Start with the line that holds "dining room featuring". Please copy it and each remaining line below exactly, leaving pictures out.

##### ENTRIES PROVIDED

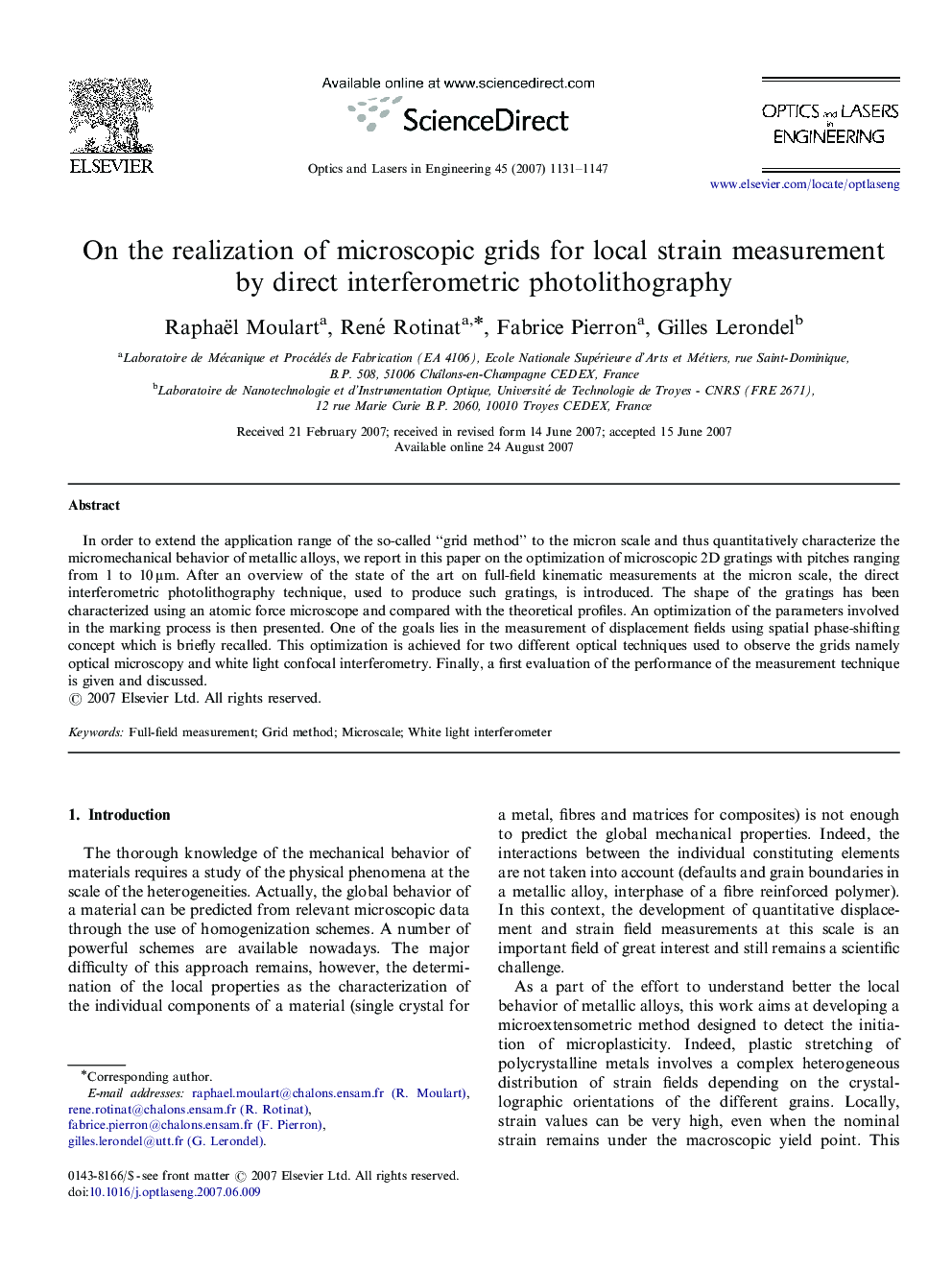 On the realization of microscopic grids for local strain measurement by direct interferometric photolithography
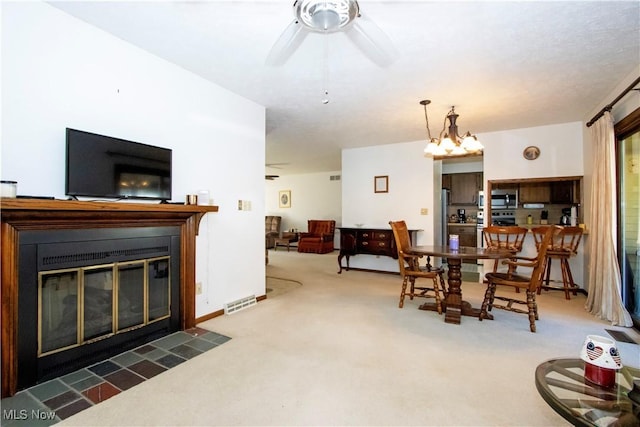 dining room featuring visible vents, baseboards, a fireplace with flush hearth, carpet flooring, and a ceiling fan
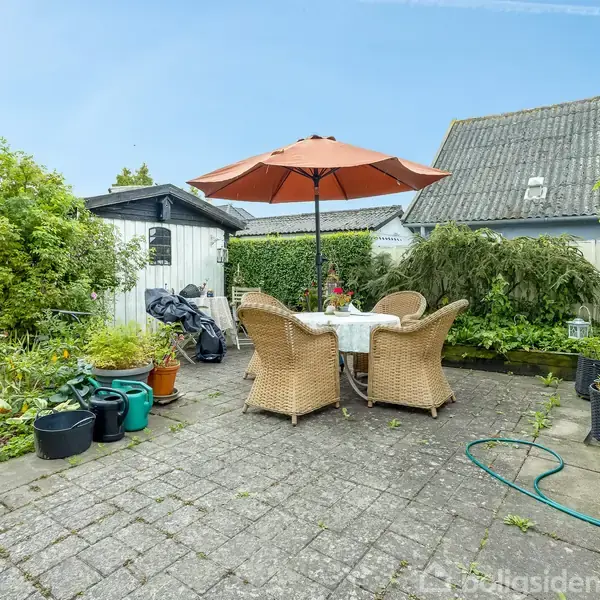 Et rundt bord med fire flettede stole står under en orange parasol på en flisebelagt terrasse. Omgivet af grønne planter, blomsterkrukker og en haveslange.
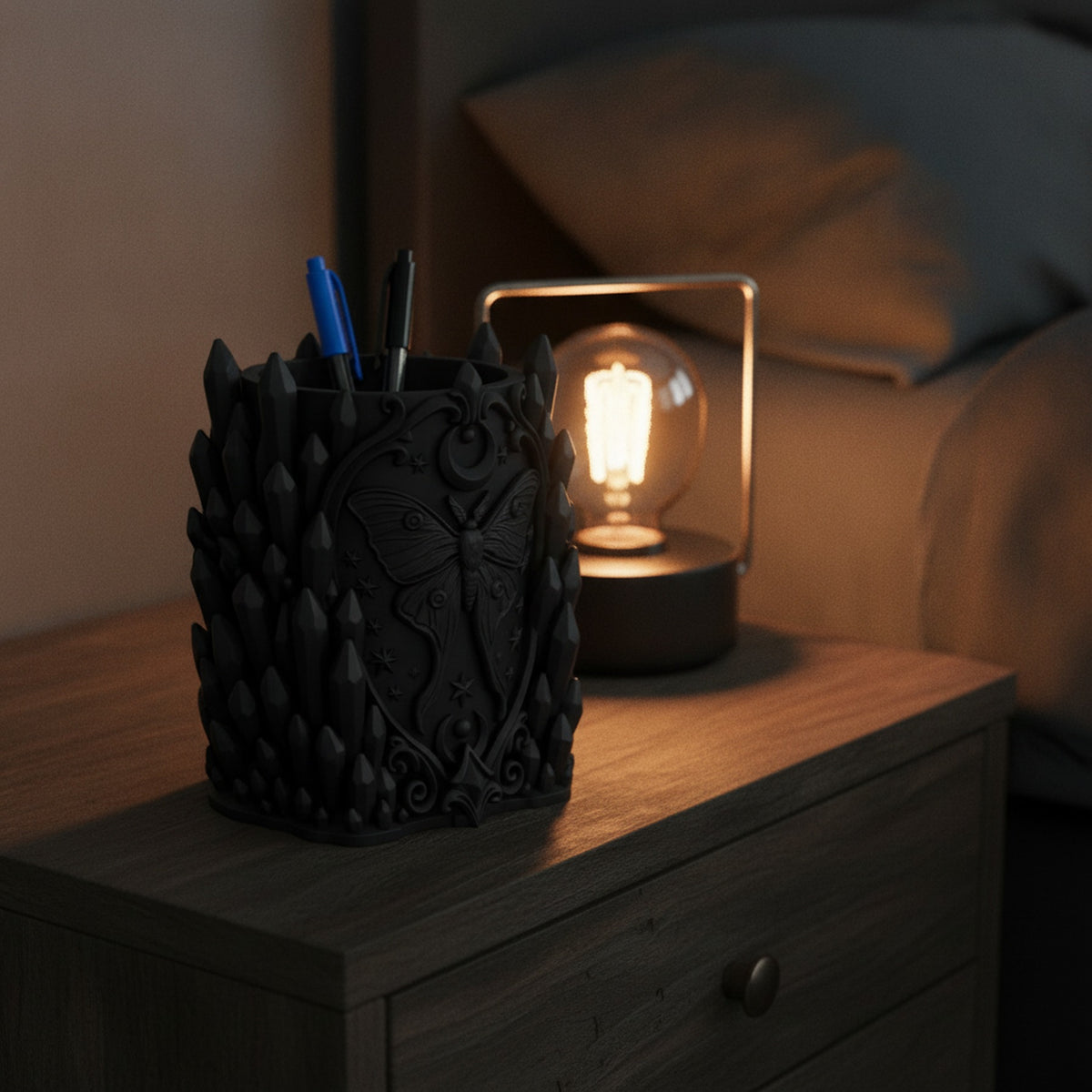 Schwarzer Kristall-Stiftehalter mit Motten-Relief auf einem Nachttisch neben einer warm leuchtenden Nachttischlampe im abendlichen Schlafzimmer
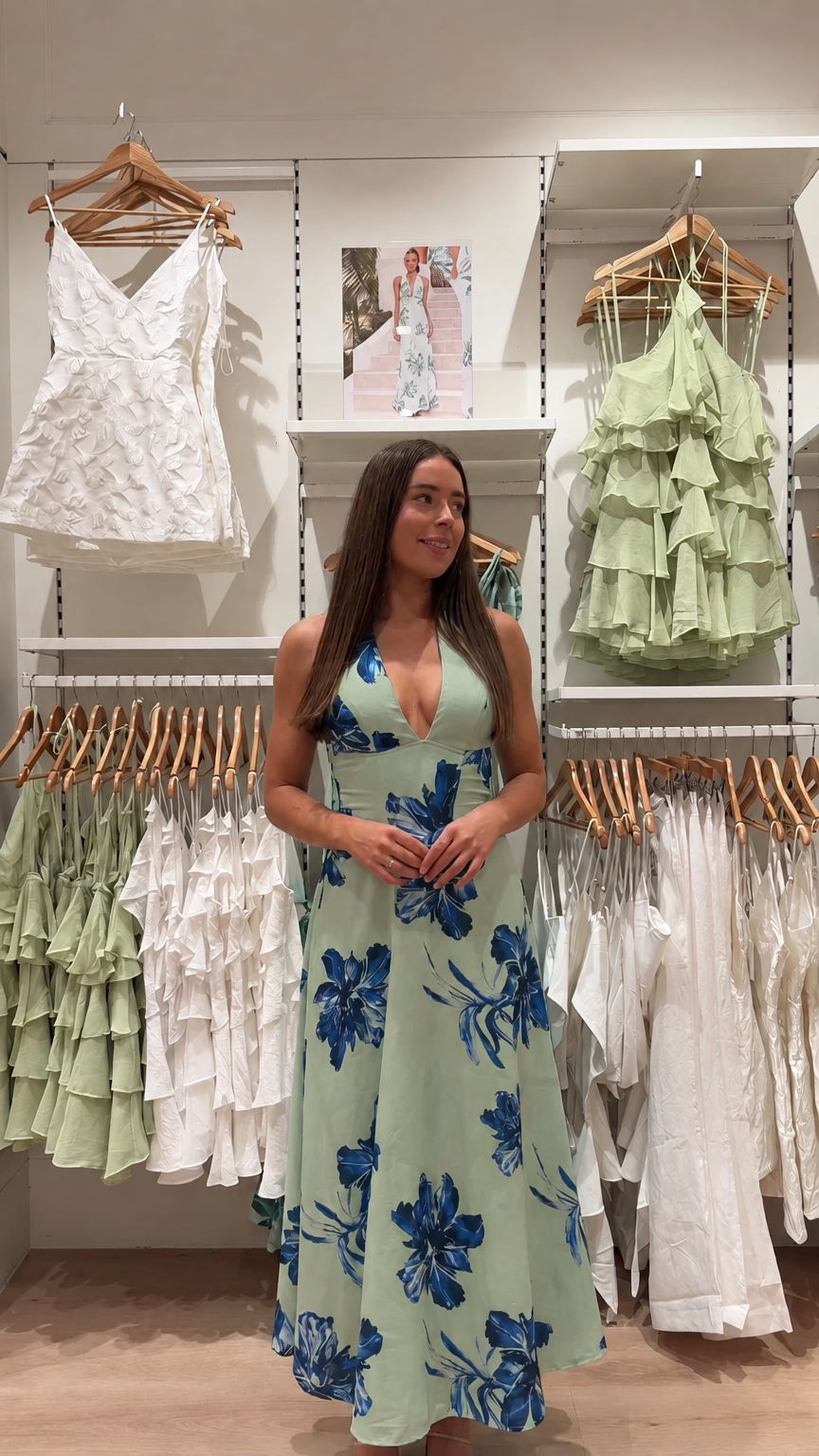 Front view of model wearing sage green floral halter neck maxi dress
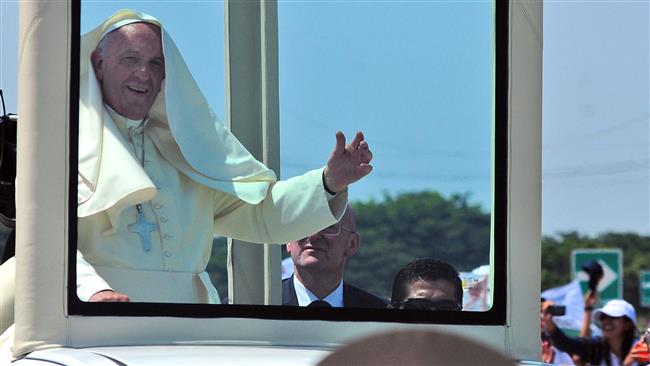 Pope Francis waves at a crowd of people in Guayaquil Ecuador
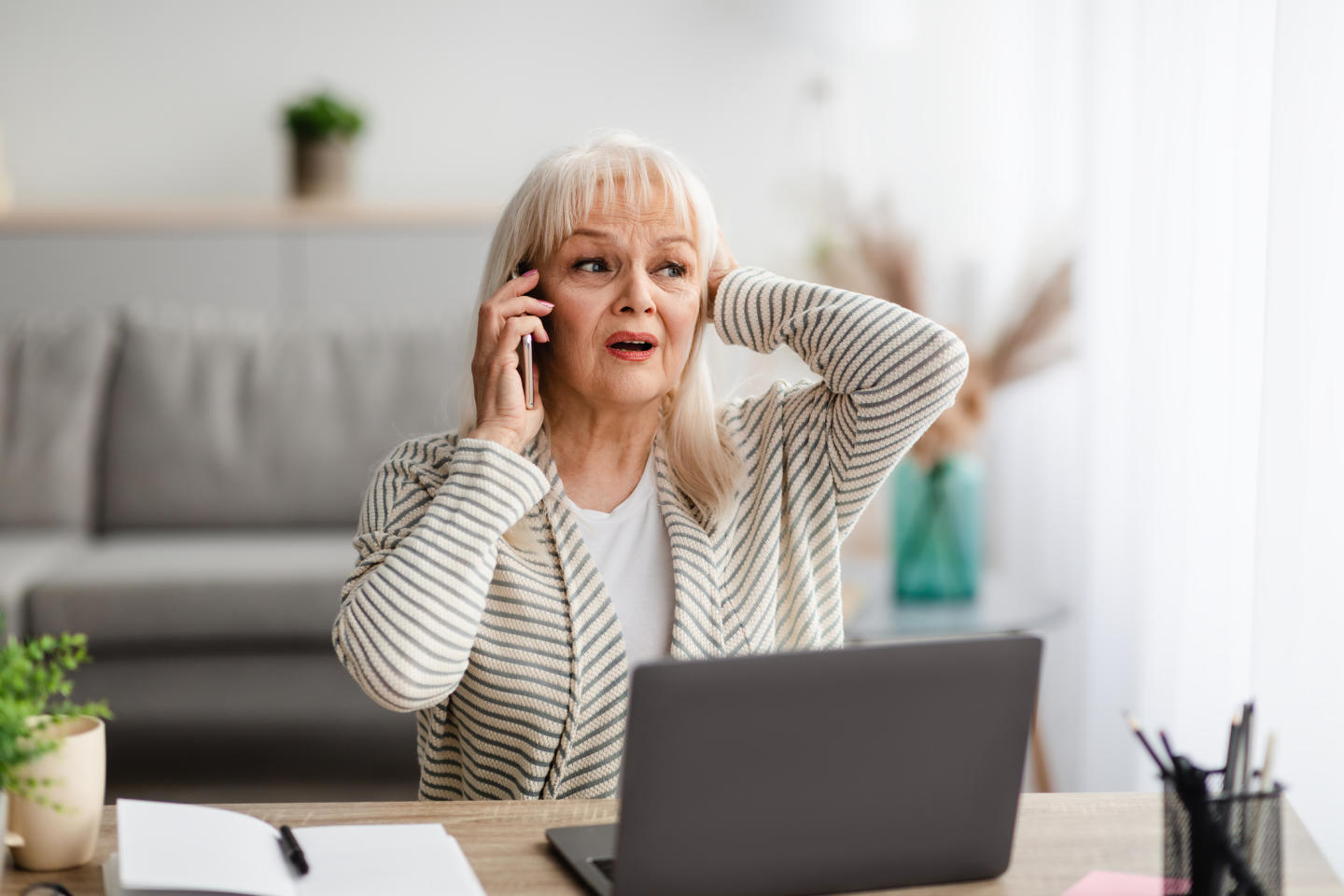 Shocked senior woman talking on mobile phone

##########

→ SOLVED PROBLEM
 dining room featuring visible vents, baseboards, a fireplace with flush hearth, carpet flooring, and a ceiling fan
 Et rundt bord med fire flettede stole står under en orange parasol på en flisebelagt terrasse. Omgivet af grønne planter, blomsterkrukker og en haveslange.
 Schwarzer Kristall-Stiftehalter mit Motten-Relief auf einem Nachttisch neben einer warm leuchtenden Nachttischlampe im abendlichen Schlafzimmer
 Front view of model wearing sage green floral halter neck maxi dress
 Pope Francis waves at a crowd of people in Guayaquil Ecuador
 Shocked senior woman talking on mobile phone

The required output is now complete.